Welke arbeidsmarkttrend heeft de grootste invloed op jouw dagelijks werk?
“Vooropgesteld: de arbeidsmarkt is uitdagend op het moment. Het is lastig om snel vacatures in te vullen, de zogenaamde ‘time to hire’ is een stuk langer dan voorheen. Uit onze Global Risk Management Survey 2021 blijkt dat Nederlandse werkgevers een tekort aan arbeidskrachten zien als één van grootste risico’s voor komend jaar.
Deze situatie zal niet snel veranderen. Dat heeft allerlei oorzaken, waaronder vergrijzing. Grote groepen werkenden gaan met pensioen. Daarnaast leven we gemiddeld langer en werken we ook langer door. Als we straks gemiddeld 100 jaar worden, werken we misschien wel 60 jaar van ons leven. Dat is een uitdaging: hoe blijf je vitaal en inzetbaar? Hoe zorg je zelf dat je het volhoudt en hoe ondersteun je dat als goed werkgever?”
Aon adviseert allerlei bedrijven over duurzame inzetbaarheid van medewerkers.

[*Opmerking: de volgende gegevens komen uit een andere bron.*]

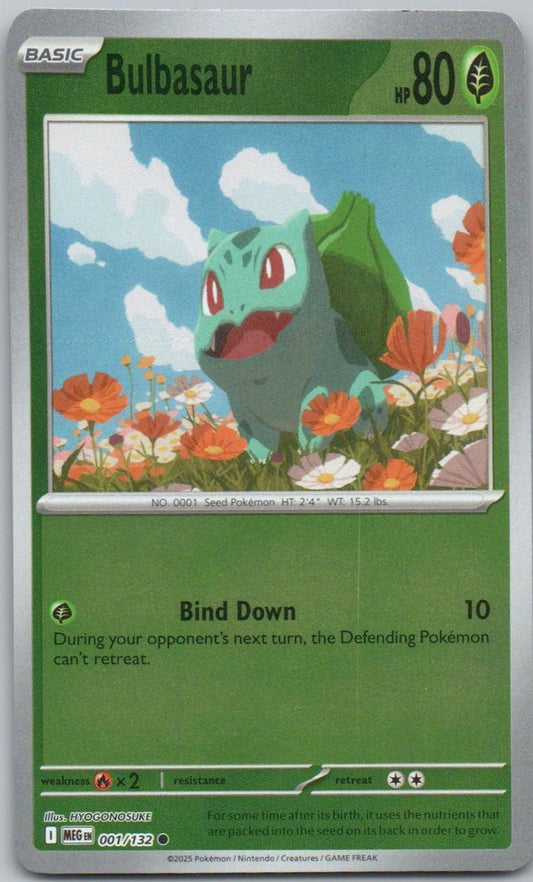 Bulbasaur 001 Reverse Holo Grass Card - Mega Evolution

Hoe brengen jullie dit zelf in de praktijk?
“Versnelde digitalisering heeft effect op het type taken. Om te zorgen dat de kennis van onze mensen up-to-date blijft, investeren wij fors in ontwikkeling en vitaliteit. Daarbij besteden we aandacht aan vijf factoren: fysiek, mentaal, sociaal, financieel en professioneel. Al deze facetten zijn belangrijk voor duurzame inzetbaarheid en een gezond leven, weten we uit ervaring. We hebben een hoop expertise in huis als het gaat om vitaliteit. Die kennis en tools bieden we klanten, en we ervaren zelf wat het oplevert. Dat is een mooie wisselwerking.”
De nieuwsgierige sollicitant die zich verdiept in de organisatie, die wil ik aannemen
Behoeftes verschillen
“Zo merken we zelf het belang van een combinatie tussen groepsprogramma’s en individuele begeleiding. In ons bedrijf werken vijf generaties samen en hun behoeftes verschillen. Dat is ook een reden dat we onlangs onze arbeidsvoorwaarden aangepast hebben. Medewerkers hebben meer te kiezen als het aankomt op loopbaanontwikkeling, indeling van hun werk en werktijden.”
Was het lastig de rest van de organisatie te overtuigen van het belang van zulke nieuwe, dynamische arbeidsvoorwaarden?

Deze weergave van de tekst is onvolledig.